Either via the flash player site (that's how I did it) or with Better Privacy.

[Fly]

I'm still using IE 7.

Are these third party cookies supposed to be in my regular cookies folder ?

I don't see them there.

[Dregg Heda]

Quote:

Originally Posted by tlu

Either via the flash player site (that's how I did it) or with Better Privacy.

Thanks for that tlu! Ive used Better Privacy in the past when it used to pop-up warning about LSO cookies, never used to know what they were in the past, but boy am I glad I had them nixed anyway!

[MrBrian]

Quote:

Originally Posted by tlu

Either via the flash player site (that's how I did it) or with Better Privacy.

My advice is to not disable third-party Flash cookies, or else you will break some websites. I use BetterPrivacy to delete Flash cookies when Firefox is exited.

[Dregg Heda]

Quote:

Originally Posted by MrBrian

My advice is to not disable third-party Flash cookies, or else you will break some websites. I use BetterPrivacy to delete Flash cookies when Firefox is exited.

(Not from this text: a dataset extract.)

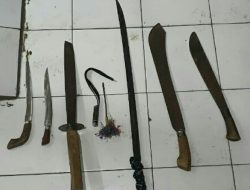 Perkelahian Dua Kelompok Pemuda Gunakan Sajam Diamankan Polsek Matuari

What kind of sites require these cookies anyway? Youtube? Sites with videos and stuff?

[MrBrian]

Quote:

Originally Posted by Dregg Heda

What kind of sites require these cookies anyway? Youtube? Sites with videos and stuff?

I found two sites that don't work properly unless Flash third-party cookies are enabled: one is a video site (Justin.tv if I recall) and the other is a music streaming site.